* **Goal of the exercise**
Beginning at the line that contains "THE CAIRO Jumper (Darks) - Greyhound Size", reproduce the entries below exactly, ending with the line that contains "Obraz premium Lotus". Omit each picture.

* **Records shown**
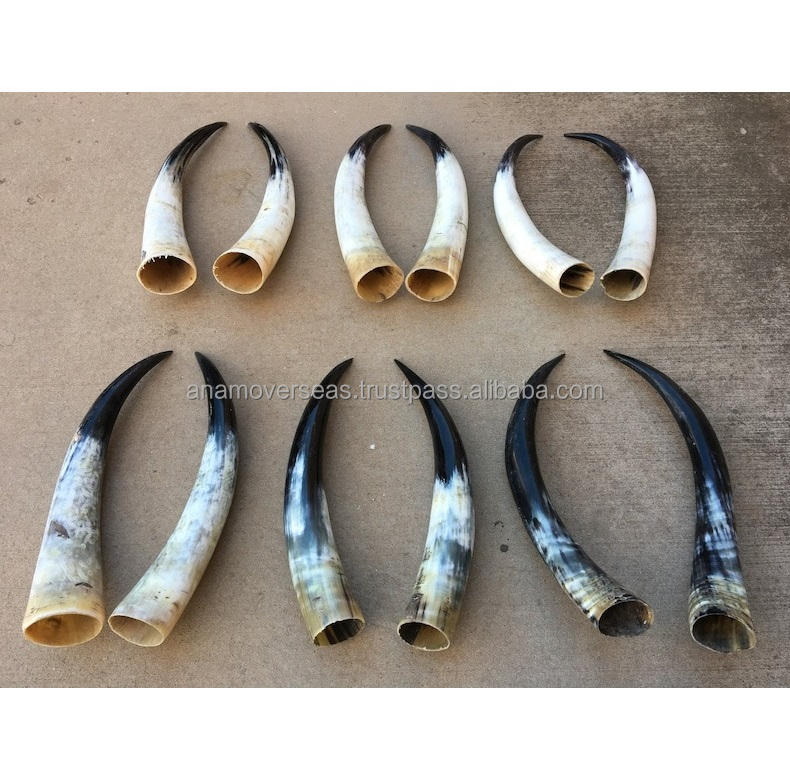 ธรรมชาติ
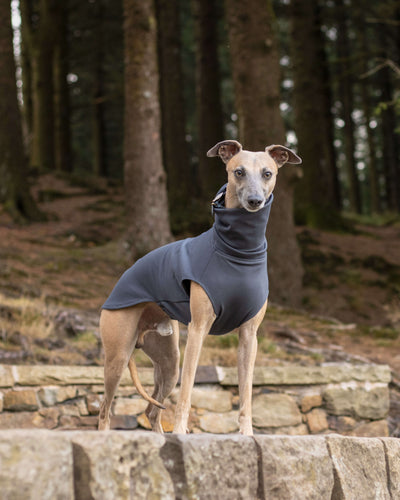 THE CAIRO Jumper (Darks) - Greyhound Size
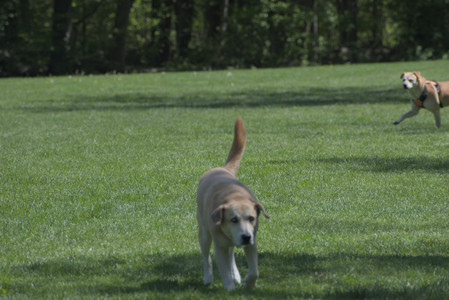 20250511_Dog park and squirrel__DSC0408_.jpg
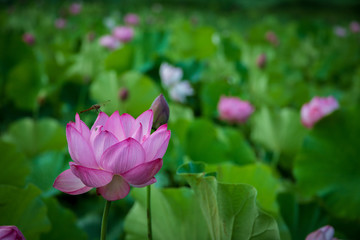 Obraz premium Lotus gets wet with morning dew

...

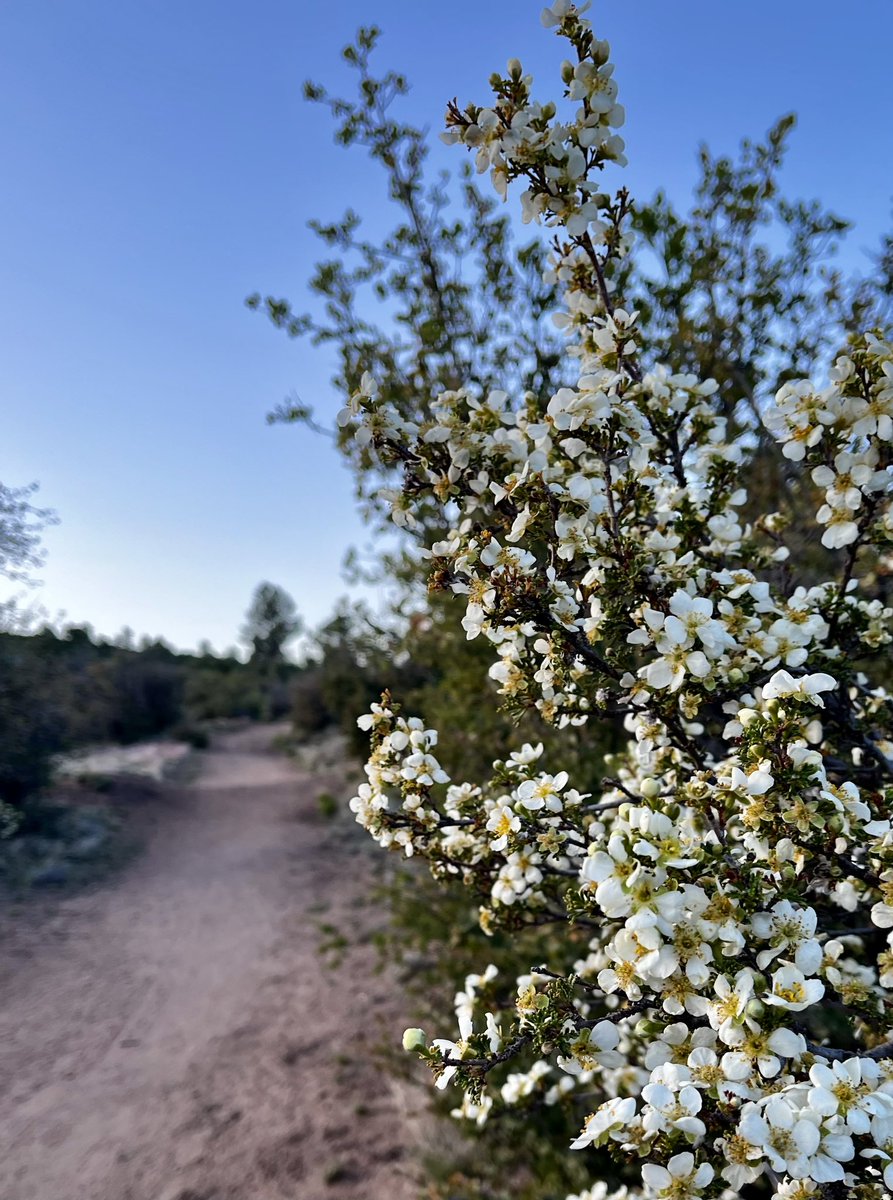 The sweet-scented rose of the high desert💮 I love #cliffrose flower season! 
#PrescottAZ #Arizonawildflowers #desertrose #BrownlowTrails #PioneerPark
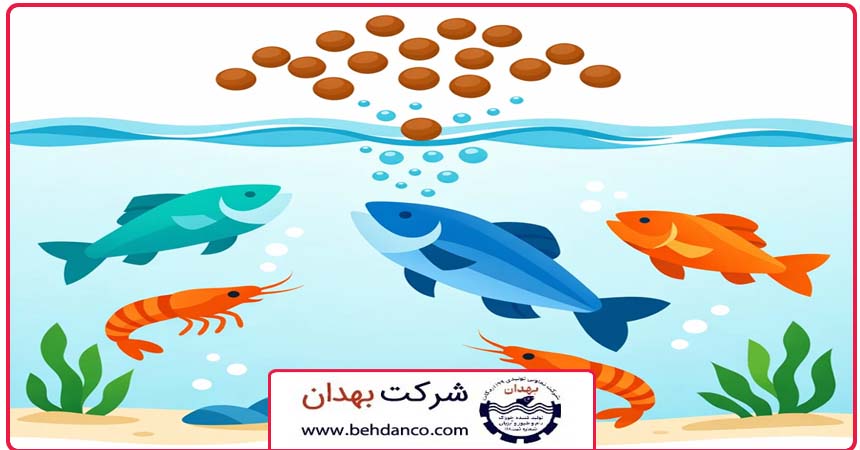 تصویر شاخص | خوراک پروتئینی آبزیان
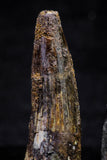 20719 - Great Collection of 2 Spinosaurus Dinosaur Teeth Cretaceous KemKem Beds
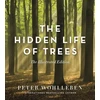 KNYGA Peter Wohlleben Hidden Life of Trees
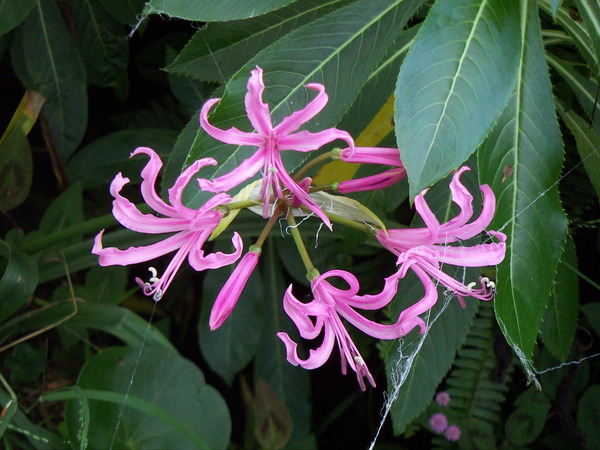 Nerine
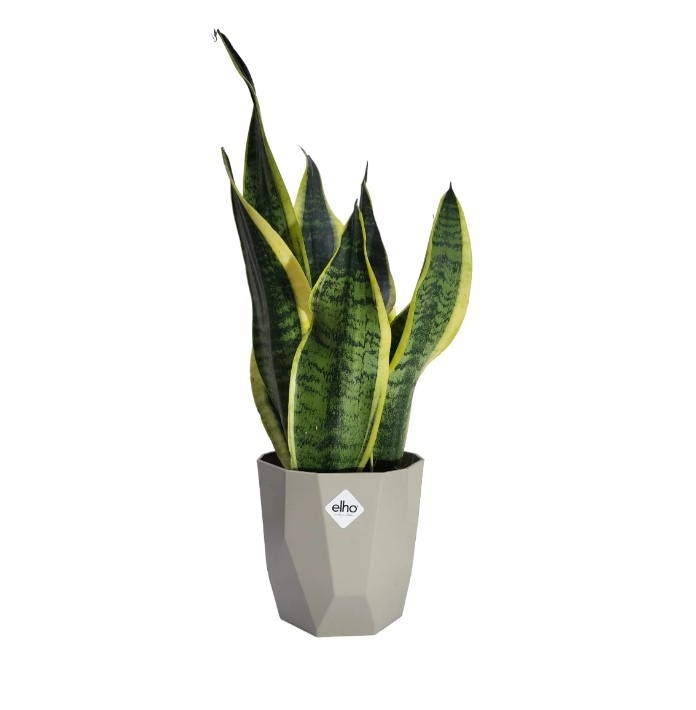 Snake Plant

---

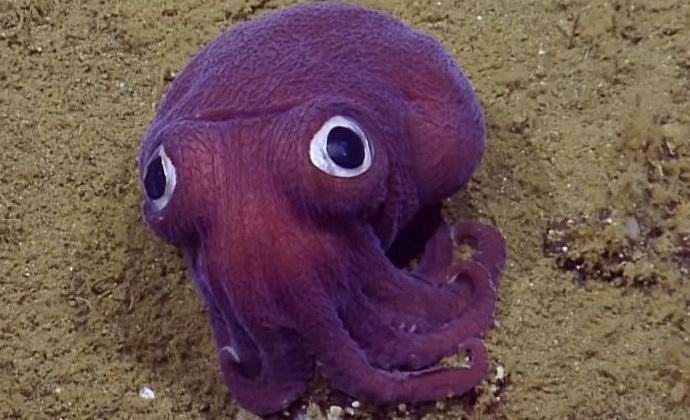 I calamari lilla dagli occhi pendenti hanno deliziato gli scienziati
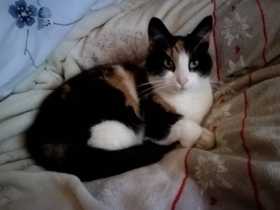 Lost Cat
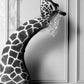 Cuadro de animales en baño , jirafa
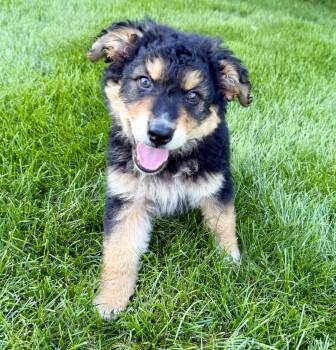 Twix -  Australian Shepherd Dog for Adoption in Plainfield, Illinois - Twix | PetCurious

* **Solution to this task**
 THE CAIRO Jumper (Darks) - Greyhound Size
 20250511_Dog park and squirrel__DSC0408_.jpg
 Obraz premium Lotus gets wet with morning dew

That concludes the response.